Here's how a Harvard PhD Candidate and a Visiting Scholar at the Federal Reserve was inspired to work in financial education by watching animated cartoons.

Most people at the US Federal Reserve would understandably be reluctant to admit that they first learned about financial markets from an animated talking bear.

Likely most did not. But I am the front end of a very different generation - late-twenty-somethings who first became aware of markets when the Internet was already in existence, and who underwent many of their early financial educational experiences online.

While many in the early 2000s wondered what would come of the kids who were spending countless hours in front of these new, interconnected computer screens, I am happy to report that my hours spent with two animated talking characters in particular - Hoofy and Boo - christened a journey into markets and finance that years later culminated in a PhD at Harvard and a Visiting Scholar position at the Federal Reserve. The New Media - and especially Hoofy and Boo - now have at least one coming-of-age success story - and without a doubt, hundreds more will emerge over the coming years as the teenagers who grew up with them leave university and enter the upper echelons of Wall Street.

Why would a PhD Candidate at Harvard and a Visiting Scholar at the Federal Reserve admit that he started his journey into financial education by watching animated cartoons? Because at a time when wealth is becoming increasingly stratified, information technology and New Media are one of the few prevailing counterforces. They are transforming financial education, increasing transparency around once-proprietary knowledge, and leveling the playing field in a domain of human activity where, as Gordon Gekko once put it, information is the most valuable commodity.

I am merely a case in point. I come from a middle-class family and went to public school all my life prior to studying political economy at Harvard. But my experiences with Hoofy and Boo - and the success I've been fortunate enough to enjoy in my educational and professional life (without having had the benefit of private tutors or the advantages of elite boarding schools) - is emblematic of what becomes possible when education is democratized by information technology.

As those adorable characters argued about finance in their timeless, ageless sessions, my generation gained an appealing window into forms of financial knowledge that many on Wall Street hoarded in order to earn their livelihoods.

Of course, Hoofy and Boo - and the immersive online education movements they represent - are only the most recent data points in the centuries-long growth curve of informational access. At one point, mere numeracy itself - the ability to understand basic arithmetic - separated those who were empowered to benefit from commerce from those who could not even verify whether they were being shortchanged. Around the time of the Renaissance, the development of a relatively standardized system of accounting ledgers empowered merchants to track an increasing array of private transactions, where once only kings and lords had the resources to accurately maintain such accounts.
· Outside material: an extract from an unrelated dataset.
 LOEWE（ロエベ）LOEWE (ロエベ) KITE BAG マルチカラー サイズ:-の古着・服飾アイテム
The development of relatively commoditized private lending and borrowing over the subsequent centuries (on terms more standardized than Shylock's "flesh bond" in The Merchant of Venice) enabled a robust commercial class to emerge from the financial grip of those same European monarchs, arguably precipitating many of the political revolutions that followed.

The founding of the Dutch East India Company in 1602 and the first stock exchanges that emerged in Holland and Britain over the course of that century provided ordinary laymen with the first-ever opportunity to participate in the risks and benefits of what were previously the exclusive profit domains of sovereign states, their kings, and treasuries, such as naval exploration, foreign trade, wars, and large-scale infrastructure projects. Similarly, the creation of early insurance and pension instruments in late 17th century Britain increased mass public accessibility to financial planning, and introduced the first-ever possibility that the lives of ordinary people and their families could be "hedged" against what Shakespeare called "the Slings and Arrows of outrageous Fortune" and the "whips and scorns of time."
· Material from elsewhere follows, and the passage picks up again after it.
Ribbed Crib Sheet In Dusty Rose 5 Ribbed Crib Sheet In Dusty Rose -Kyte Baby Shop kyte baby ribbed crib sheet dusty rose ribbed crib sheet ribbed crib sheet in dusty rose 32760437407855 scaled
In the 20th century, the rise of electronic trading, online brokerages, and ETFs enabled private middle class citizens - with no access to wealth managers or hedge funds - to gain types of market exposure and speeds of execution that were previously only imaginable to elite financial professionals meeting in glass-walled boardrooms overlooking Central Park.

Having been in many such boardrooms, I can confirm that this last step - where the ordinary citizens are freed from the professional merchant class, which itself was freed from the sovereign state - is perhaps the most disruptive transformation in financial markets that the world has ever known. Put another way, there is now less and less that the average private citizen investor structurally cannot do, once they learn how to do it, and whether or not they should. I recall a conversation I had with Chris Peacock, a senior editor at CNN, who described the feeling of almost 'subversive' empowerment he felt on behalf of Main Street when CNN first made electronic stock quotes available on the Web for free. Make no mistake, technological change is and always has been about subversion, disruption, creative distraction, and the empowerment of a new class of beneficiaries at the expense of an old guard.

Obviously this is alarming for existing financial power structures, and so it is in this respect that Gordon Gekko's mantra - information is the most valuable commodity - takes on special significance, with elite financial institutions, such as hedge funds, attempting to maintain as tight a grip as possible on the last informational totems of their exclusivity and power. Counterforces, such as Minyanville, the online edition of The Economist, StockTwits, and others - using all the most powerful new tools and innovations afforded by revolutions in information technology - are oppositely working to spread and disseminate this knowledge as widely and quickly as possible.

In my case, the counterforce prevailed, and while not coming from an elite commercial class, I was empowered by information (yes, by animated talking bears, as well as the many other information technology-enabled resources I would later use over the course of my studies) to the point where I could come to deeply understand that sector of society and how it functioned.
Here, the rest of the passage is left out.